Infectious diseases became a re-emerging contemporary global threat to human health with millions of infections and thousands of annual deaths due to antimicrobial resistance (AMR)[1]. AMR is growing at a faster pace than either discovery of new drugs or alternative approaches to tackle it, leaving common infections untreatable [2]. With this resurgence worldwide, the search for novel antimicrobials and alternative approaches to tackle the problem is urgently needed. Modification of existing antibiotics, rediscovering antimicrobials, repurposing antimicrobials, combination treatment, looking for untested sources of antibiotics, and searching for compounds found from chemists around the world are the possible sources of novel antibiotic discovery [3]. Plant based molecules have promising potential for the discovery of novel antimicrobials or as adjuvants in modifying existing antimicrobials [4, 5].
Among the many secondary plant metabolites, essential oils of different plant sources showed noteworthy antibacterial activity [6, 7] and resistance modulatory effect [8]. The antibacterial activities of EO are mainly attributed to the disruption of membrane enhancing the antibacterial activity of combined antibiotics by increasing their influx [9]. This could contribute significant potential in battling AMR as one of the main contributing factors to the increased resistance in bacteria is the permeability barrier caused by their additional outer membrane [3]. The EOs will infringe the outer membrane barrier restoring the activity of antibiotics. This has led to the exploration of antibiotics-EO combinations in battling the antimicrobial resistance. Studies on antibiotics-EOs combinations from various plant sources have shown synergistic activities [9]. Recently, there is renewed research focused in discovering potential novel antibacterial agents and/adjuvants from plant Eos [5].
Echinops kebericho (Asteraceae) is an endemic medicinal plant which is used for the treatment of various diseases [10]. Ethnomedicinal uses of E. kebericho have been recorded for human and livestock ailments.
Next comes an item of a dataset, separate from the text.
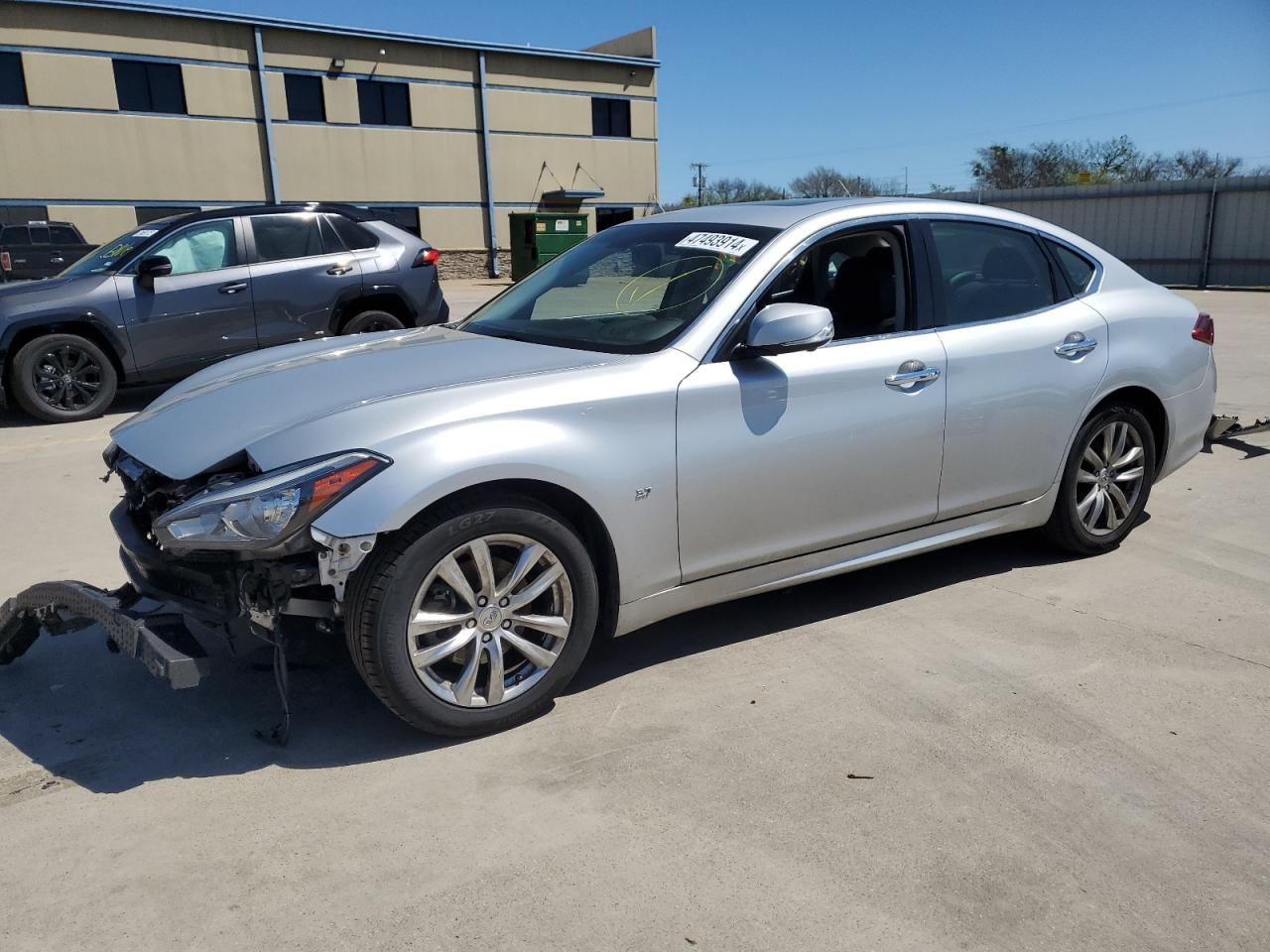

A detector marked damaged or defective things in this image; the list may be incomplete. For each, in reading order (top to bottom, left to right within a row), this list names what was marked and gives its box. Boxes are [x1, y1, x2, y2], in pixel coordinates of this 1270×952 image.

Reported ailments treated by E. kebericho include wound infections, toothache tonsillitis, stomachache, gonorrhea, respiratory manifestations, febrile illness, lung tuberculosis, trypanosmiasis, typhoid, tonsilitis, tooth ache, typhus, common cold, cancer, hypertension, colic, cough, and malaria [11–17]. It is also used to treat scabies, headache, cough, fumigation during childbirth, and mosquito repellent [12]. It is formulated as a water decoction, infusion, smoke inhaled, orally chewed, and topical sprayed to affected area [13, 15–17]. Echinops kebericho was also reported to be used in veterinary practice where root tubers are powdered and mixed with water and given for black leg disease, respiratory manifestations, liver disease, and skin infections [18]. Previous studies revealed flavonoids, alkaloids, triterpenoids, resines, saponins and steroids [19, 20] as components and dehydrocostuslactone is also identified [20–23].
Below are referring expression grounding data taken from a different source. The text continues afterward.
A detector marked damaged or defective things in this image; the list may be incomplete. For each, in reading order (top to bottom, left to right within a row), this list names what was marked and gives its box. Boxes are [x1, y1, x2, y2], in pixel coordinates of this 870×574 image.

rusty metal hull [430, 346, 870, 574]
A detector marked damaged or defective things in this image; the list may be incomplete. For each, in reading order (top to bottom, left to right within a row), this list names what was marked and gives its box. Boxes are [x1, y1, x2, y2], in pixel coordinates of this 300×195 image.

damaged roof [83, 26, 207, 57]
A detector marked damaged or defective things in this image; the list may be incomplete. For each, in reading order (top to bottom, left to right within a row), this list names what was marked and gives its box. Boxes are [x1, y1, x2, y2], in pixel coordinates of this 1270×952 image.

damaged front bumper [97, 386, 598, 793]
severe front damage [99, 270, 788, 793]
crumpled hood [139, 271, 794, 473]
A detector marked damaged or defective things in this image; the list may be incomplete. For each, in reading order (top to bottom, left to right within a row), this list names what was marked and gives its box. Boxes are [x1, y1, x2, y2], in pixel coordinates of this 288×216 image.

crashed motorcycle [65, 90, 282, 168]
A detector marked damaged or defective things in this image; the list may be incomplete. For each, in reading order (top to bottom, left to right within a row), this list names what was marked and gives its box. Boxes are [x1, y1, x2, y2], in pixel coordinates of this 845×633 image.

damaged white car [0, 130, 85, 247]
The extracts of E. kebericho exhibited a wide range of pharmacological effects including anti-helminthic, antibacterial, antifungal, antidiarrheal, anti-spasmolytic and antimalarial activities. The methanolic root extract and EO showed relatively strong effect [24, 25] which established a scientific basis for therapeutic uses of E. kebericho. In vitro and in vivo studies have confirmed the ethnomedicinal use [19, 26–28]. Antibacterial activities from crude extracts [24, 29, 30] and EOs [25] were reported. Ivan reported anti-mycobacterium activity against Mycobacterium smegmatis and significant antimicrobial resistance modulatory effects [22]. Significant activities were reported against fungi (Aspergillus flavus and Candida albicans) [24], malaria parasite (Plasmodium berghei) [19], Leishmania [26], earthworm [31], and Trypanosoma [32]. Echinops kebericho extract produced a dose dependent reduction in intestinal propulsion and mean defecation comparable to loperamide [27] and EO produced dose-dependent mosquito repellent activity [33] and moderate larvicidal activity [34]. .
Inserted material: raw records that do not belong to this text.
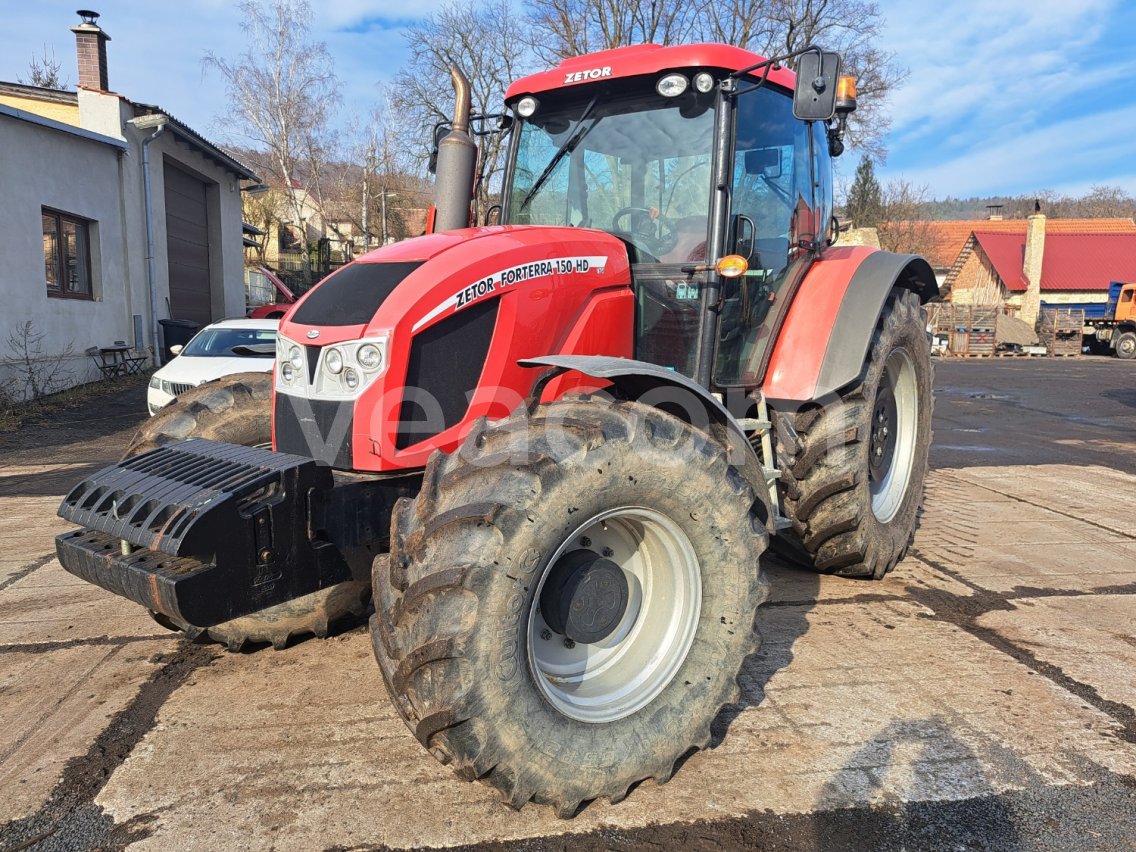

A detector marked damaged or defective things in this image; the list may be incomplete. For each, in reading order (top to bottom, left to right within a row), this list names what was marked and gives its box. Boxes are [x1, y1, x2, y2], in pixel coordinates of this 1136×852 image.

cracked concrete surface [0, 363, 1131, 849]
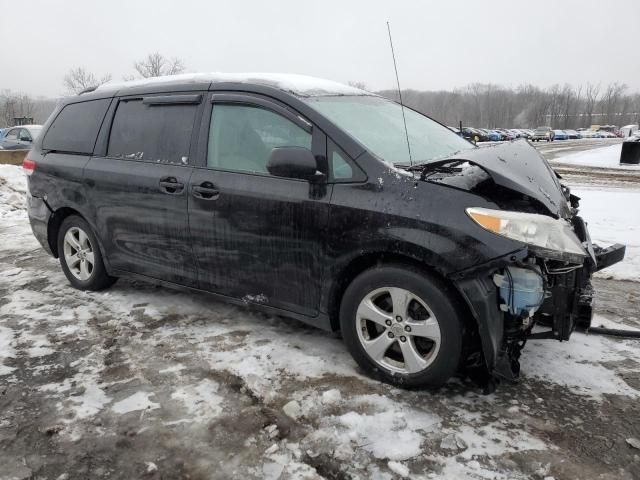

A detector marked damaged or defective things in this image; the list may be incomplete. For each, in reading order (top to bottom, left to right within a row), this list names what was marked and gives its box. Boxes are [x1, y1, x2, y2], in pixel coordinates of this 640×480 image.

damaged front end [420, 142, 624, 386]
broken headlight housing [468, 206, 588, 262]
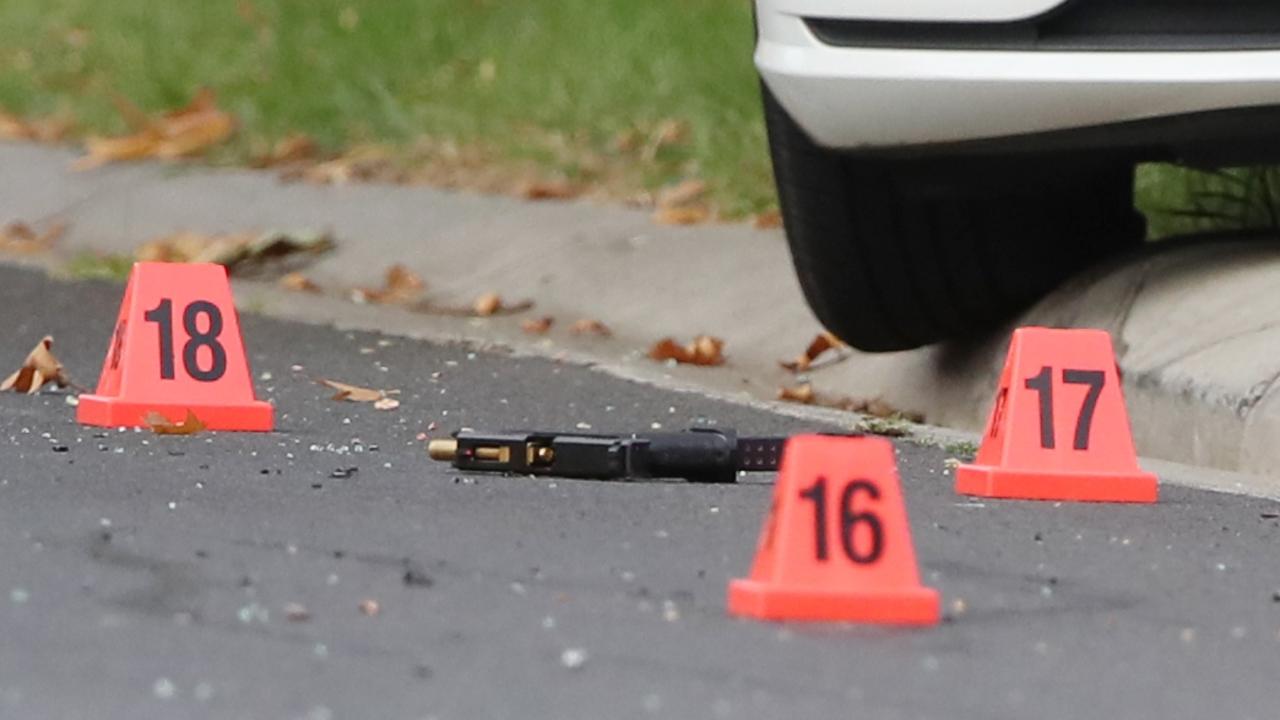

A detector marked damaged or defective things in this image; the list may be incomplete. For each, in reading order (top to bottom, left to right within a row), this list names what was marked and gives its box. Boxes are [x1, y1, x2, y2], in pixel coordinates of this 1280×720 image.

cracked asphalt [2, 265, 1280, 717]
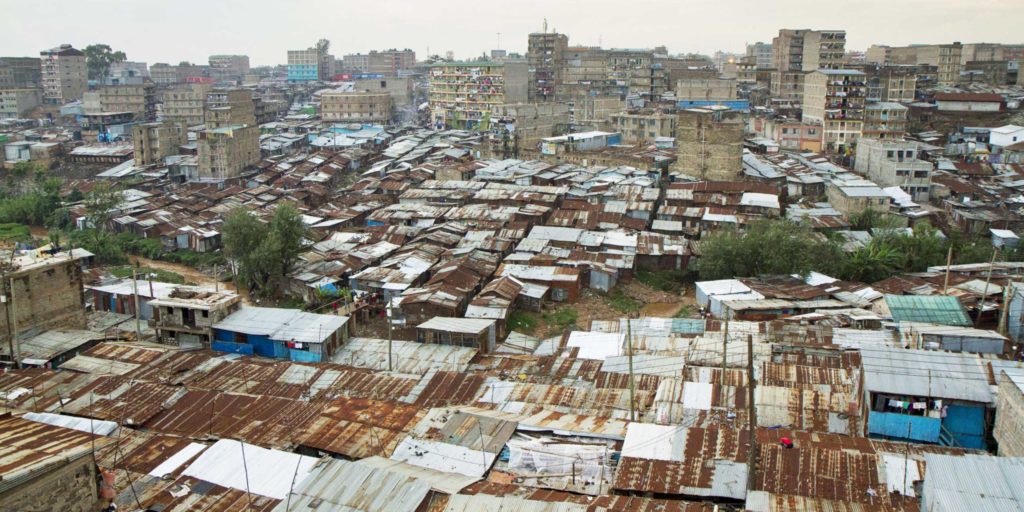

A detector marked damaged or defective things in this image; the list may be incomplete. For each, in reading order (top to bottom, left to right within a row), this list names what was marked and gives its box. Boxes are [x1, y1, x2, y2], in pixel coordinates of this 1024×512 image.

rusted metal sheet [294, 395, 425, 460]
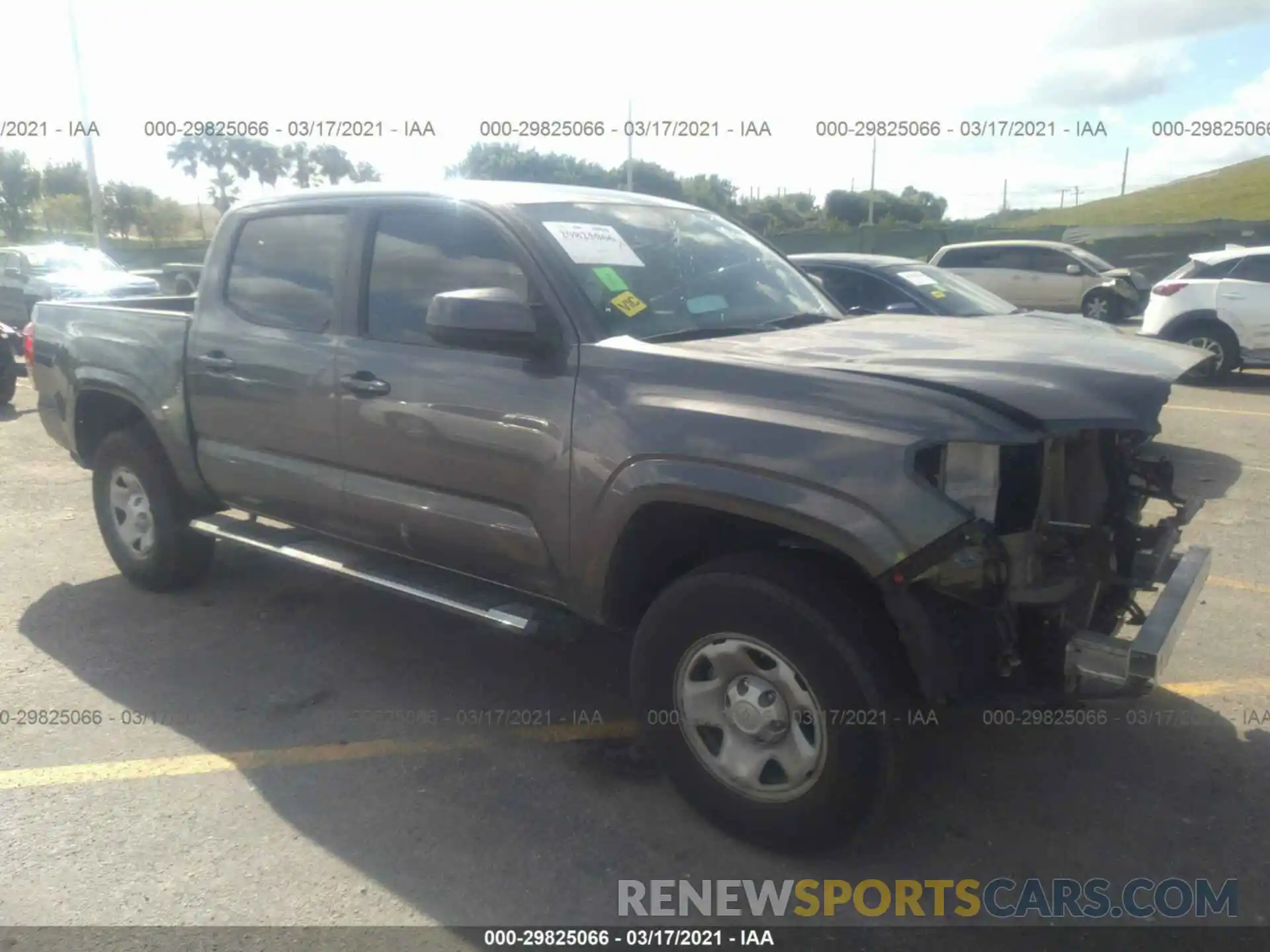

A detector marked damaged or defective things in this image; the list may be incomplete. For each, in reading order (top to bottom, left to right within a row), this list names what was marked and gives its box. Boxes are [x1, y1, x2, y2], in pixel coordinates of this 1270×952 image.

However, the antibacterial activity to different multi-drug-resistant strains and various solvent fractions have not yet been studied. The spectrum of activity and most active component of the extract were not elucidated. Herein, we have determined the antibacterial activity of essential oils and fractions of crude extract to eight strains belonging to five species of bacteria aimed at determining the spectrum of activity and identifying most susceptible strains and paving a way for isolation of most active components against most susceptible strains.